» Task prompt
The answer is to be an exact copy of the lines below running from the line with "广西桂林养牛养羊优质饲料甜叶菊渣大量供应|ms" down to the line with "Gallery image thumbnail", both ends included, and nothing more.

» Data
»»
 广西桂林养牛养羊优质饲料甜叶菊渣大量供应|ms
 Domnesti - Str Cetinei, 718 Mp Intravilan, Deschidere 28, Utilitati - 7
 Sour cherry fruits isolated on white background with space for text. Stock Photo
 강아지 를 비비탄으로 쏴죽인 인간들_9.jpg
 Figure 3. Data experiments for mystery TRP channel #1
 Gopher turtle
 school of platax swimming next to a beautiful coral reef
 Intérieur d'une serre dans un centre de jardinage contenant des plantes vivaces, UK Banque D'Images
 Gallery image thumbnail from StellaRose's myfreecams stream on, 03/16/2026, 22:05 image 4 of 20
««
»»
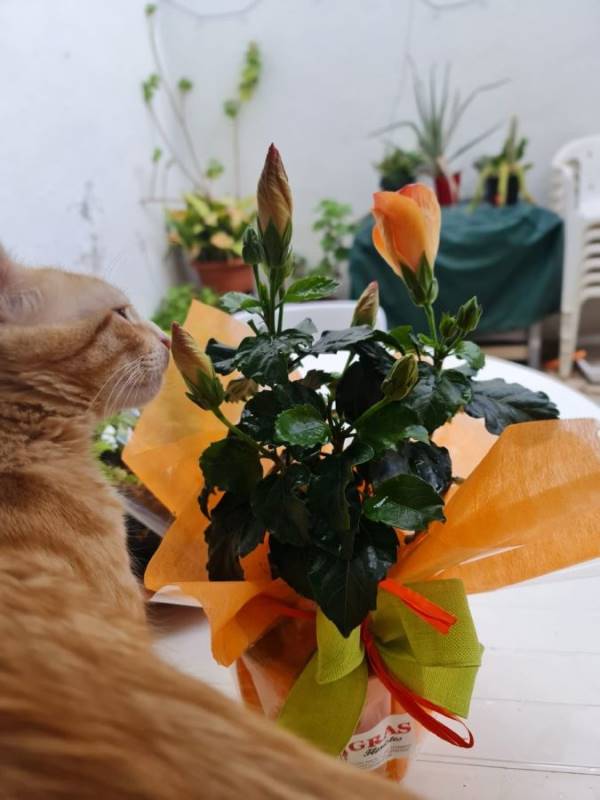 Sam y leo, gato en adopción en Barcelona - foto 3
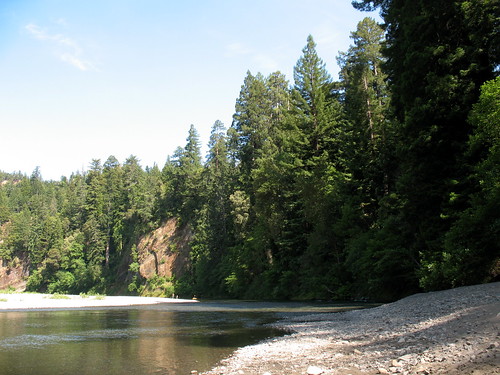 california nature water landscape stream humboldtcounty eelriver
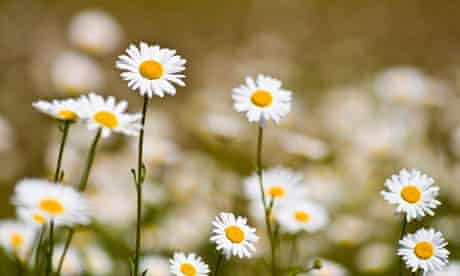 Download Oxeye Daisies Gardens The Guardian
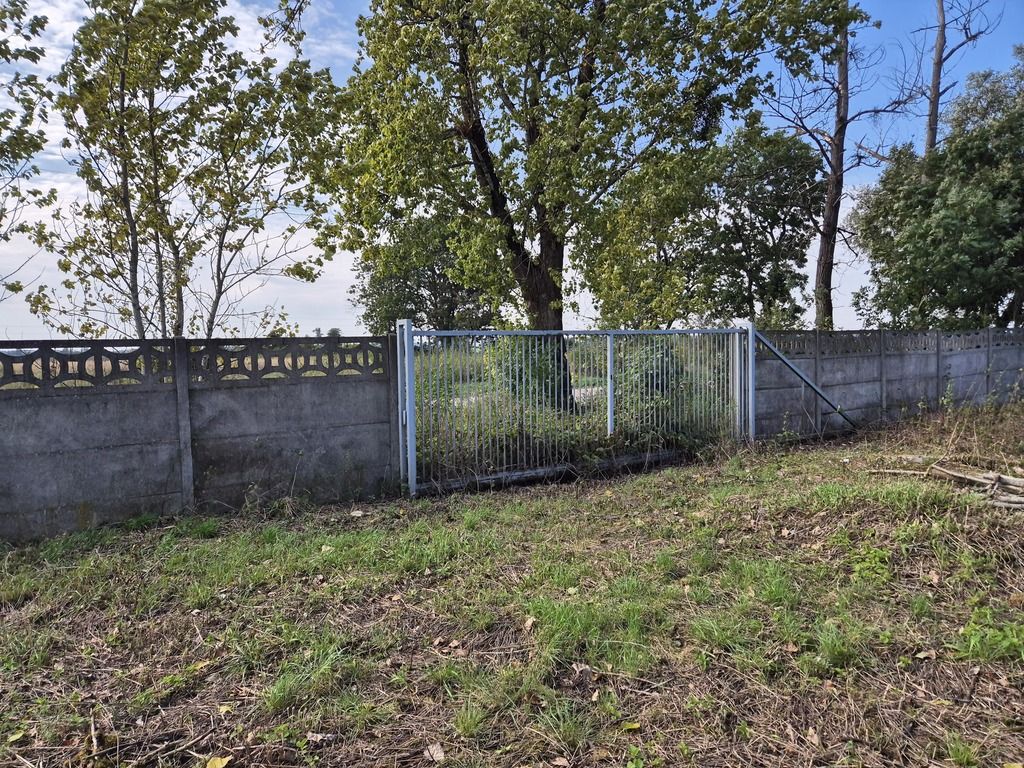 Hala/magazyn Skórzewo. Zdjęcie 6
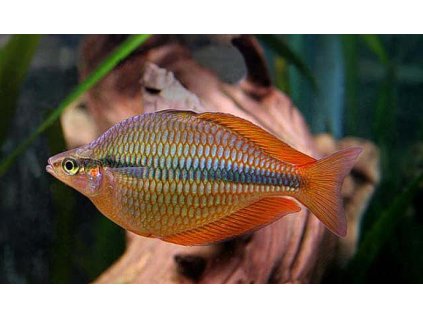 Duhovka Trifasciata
««
»»
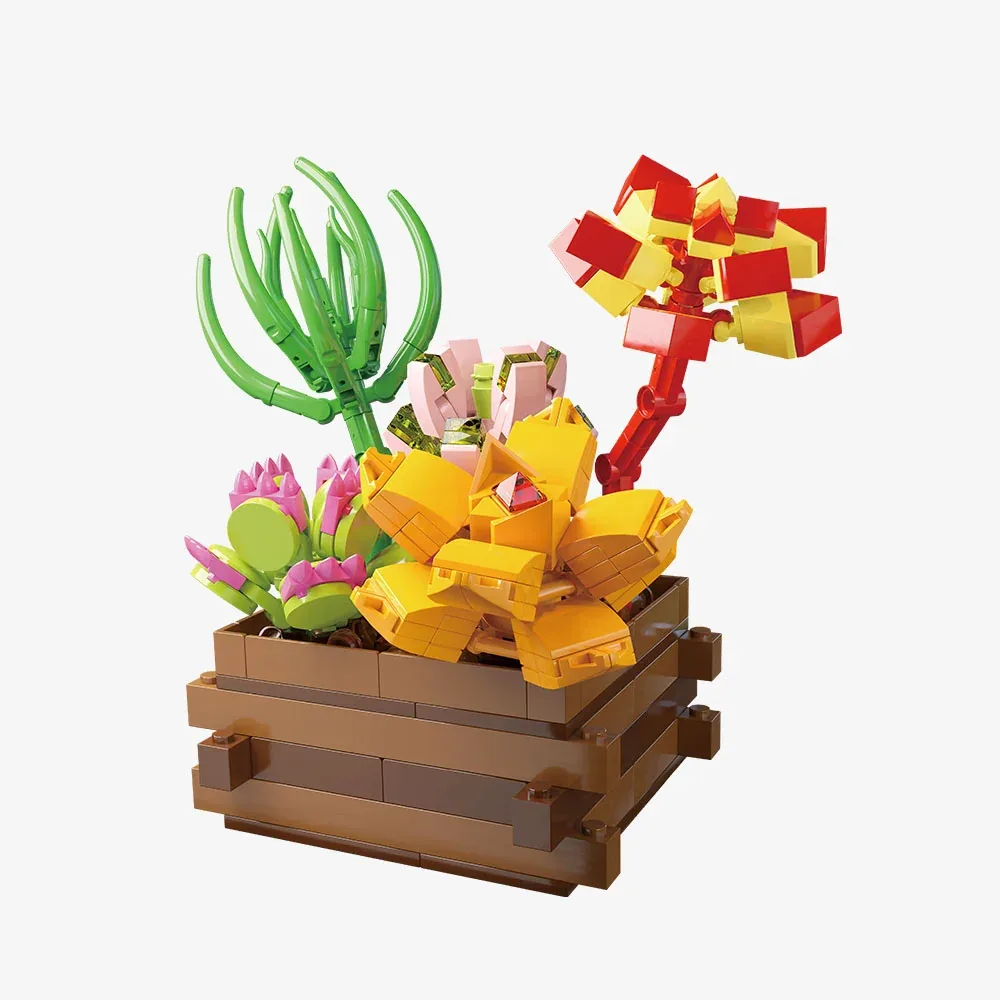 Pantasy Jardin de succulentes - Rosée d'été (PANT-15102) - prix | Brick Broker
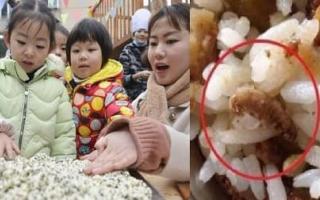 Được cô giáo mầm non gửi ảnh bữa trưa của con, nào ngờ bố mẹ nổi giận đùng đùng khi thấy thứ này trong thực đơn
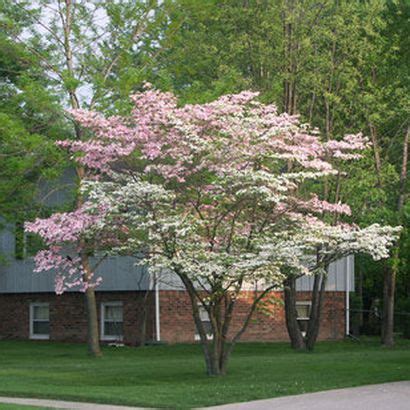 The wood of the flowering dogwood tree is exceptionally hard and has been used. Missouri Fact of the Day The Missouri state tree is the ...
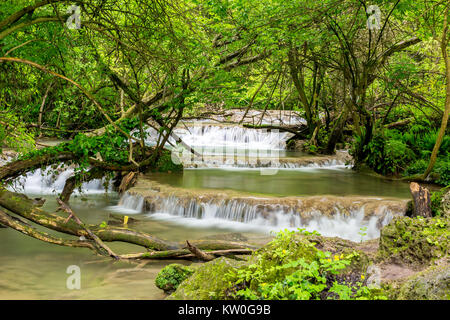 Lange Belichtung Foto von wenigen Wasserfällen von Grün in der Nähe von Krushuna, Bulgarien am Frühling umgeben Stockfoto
««
» Written solution
 广西桂林养牛养羊优质饲料甜叶菊渣大量供应|ms
 Domnesti - Str Cetinei, 718 Mp Intravilan, Deschidere 28, Utilitati - 7
 Sour cherry fruits isolated on white background with space for text. Stock Photo
 강아지 를 비비탄으로 쏴죽인 인간들_9.jpg
 Figure 3. Data experiments for mystery TRP channel #1
 Gopher turtle
 school of platax swimming next to a beautiful coral reef
 Intérieur d'une serre dans un centre de jardinage contenant des plantes vivaces, UK Banque D'Images
 Gallery image thumbnail from StellaRose's myfreecams stream on, 03/16/2026, 22:05 image 4 of 20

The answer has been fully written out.